In a digital economy, however, data is a prime economic resource for production and innovation. As the cost of data falls due to technological change, both demand and supply increase. Digital technologies lower the cost of creating, searching, sharing and analyzing data (Goldfarb and Tucker 2019). This is due to economic activity becoming increasingly digital, or interacting with digital infrastructure, as more economic goods produce digital data streams, This is itself due to falling costs of hardware and improving technologies for processing, storing and sharing data (Brynjolfsson and McElheran 2017). The increased supply and falling price of data induces increased demand from machines, as an input into automation and artificial intelligence (Cockburn et al 2018).
An important question arises with the optimal economic organisation—i.e. the institutional form that is both incentive compatible and maximizes social welfare—of the data economy. Economic theory suggests that, by efficiency criteria, data is best governed by the consumers who produced it, to control privacy (Acemoglu et al 2020), and in pools or trusts to ensure efficient bargaining in data markets (Coyle et al 2020). The most efficient institutional configuration for data—the prime resource in a digital economy—is not as a private or public good, but as a commons.

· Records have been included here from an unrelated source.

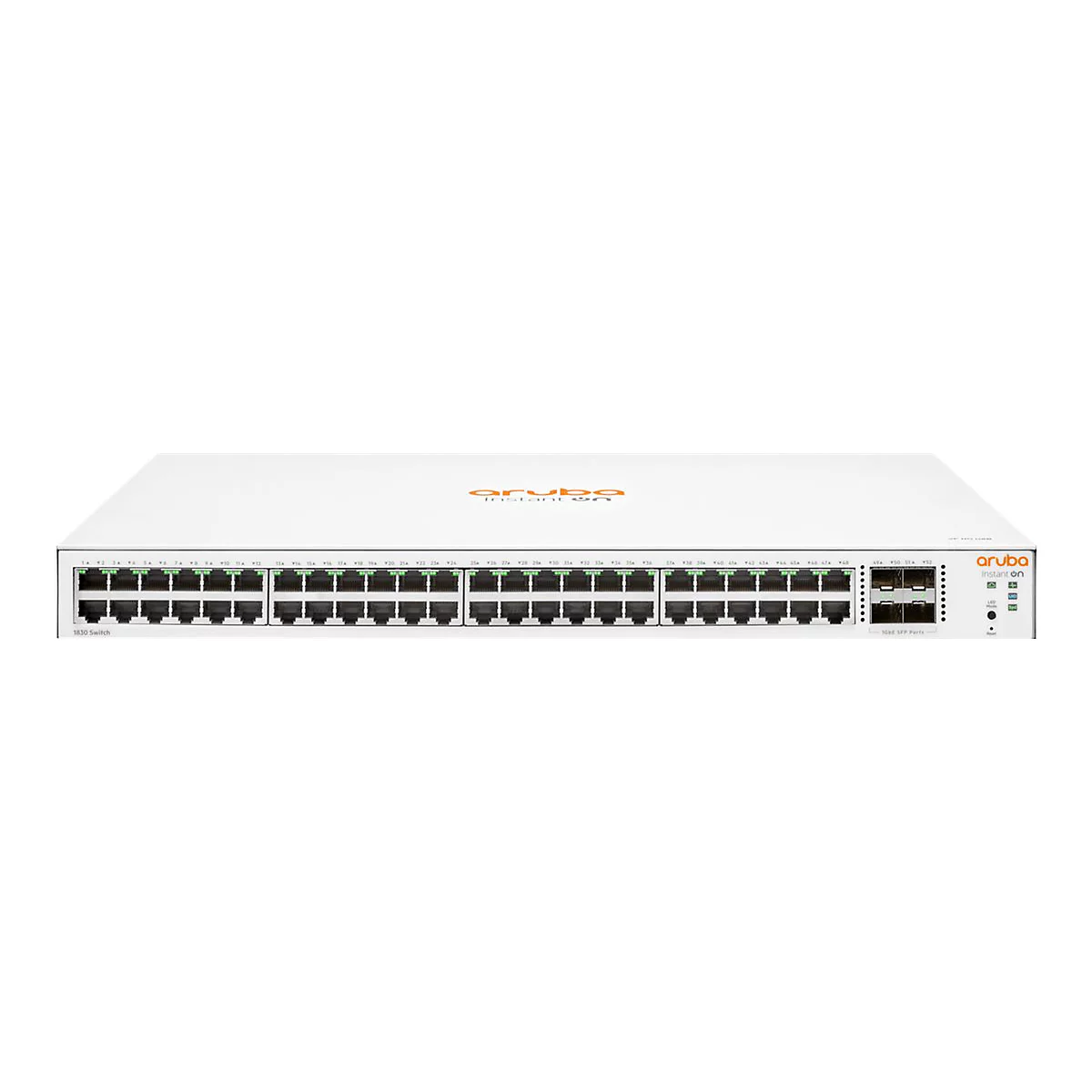 Weißer Netzwerk-Switch mit Ports, „aruba instant on“-Logo.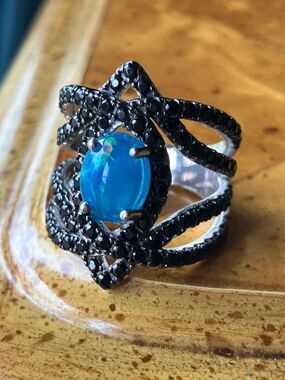 Blue Ethiopian Opal Black Spinel Sterling Silver Ring Size 6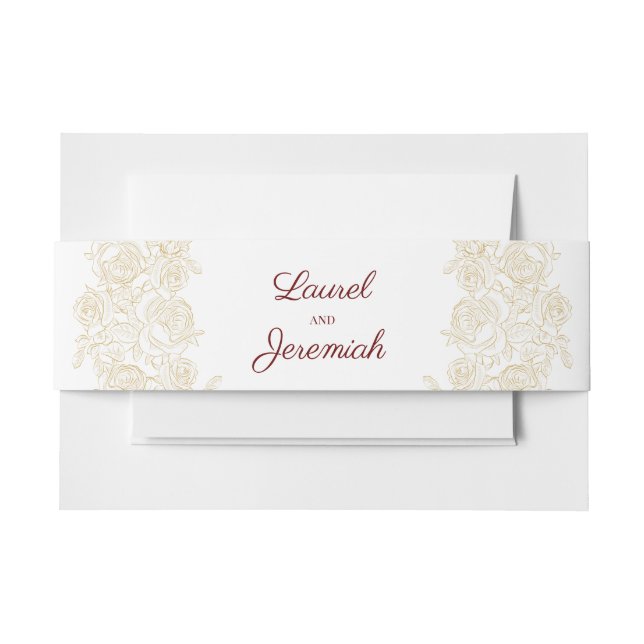 Elegant Burgundy & Golden Roses Invitation Belly Band (Front Example)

Note that an Ostrom-type commons is not the predominant institutional form in which data exists in modern economies. Instead, most data today is harvested and used on private platforms. A social welfare loss accrues to the opportunity costs of that data not being re-used by others due to restricted access. Potts et al (2021) argue that innovation policy for a digital economy should find ways to get key resources for innovation into the commons. The objective is to get data efficiently into the commons to facilitate its large-scale and wide-spread use as an innovation resource, while minimising distortions to incentives to produce data.
A possible policy mechanism to do this is a new type of intellectual property right—like patents, operating as a time limited monopoly, with obligations—but targeting not ideas (which patents do), but data.
Economists have long recognised that certain classes of technology—called general purpose technologies—disproportionately raise social welfare when they are in the commons. An analogous argument can be made about general purpose information, as a way of thinking about large data sets for general purpose input into production and innovation. Examples of such data commons occurring in the wild, i.e. without specific institutional incentives are: PubChem, ImageNet (led by FeiFei Li), and the Open Search Foundation (led by Stefan Voigt).
What is data?
What is data, and how does it relate to economic policy? In mediaeval and early industrial economies, data was scarce and administrative. Data mostly consisted of what we now think of as census data, i.e. collected by hand, for government use to facilitate administration of the realm. This data was not fundamentally commercial, nor economically valuable.
Due to the continuing advance in digital technologies, the quantity of raw data in the world has exploded by orders of magnitude. Data is now measured in exabytes, zettabytes and yottabytes, doubling in size every year or so. It is almost entirely generated as exhaust, as a byproduct of ordinary economic activities. It is produced (and used!) by machines, not humans. And it is collected and stored (and used!) by very large companies (as well as governments, at all levels of administration). Typical data nowadays is transactions data, or location data, or continuous state data.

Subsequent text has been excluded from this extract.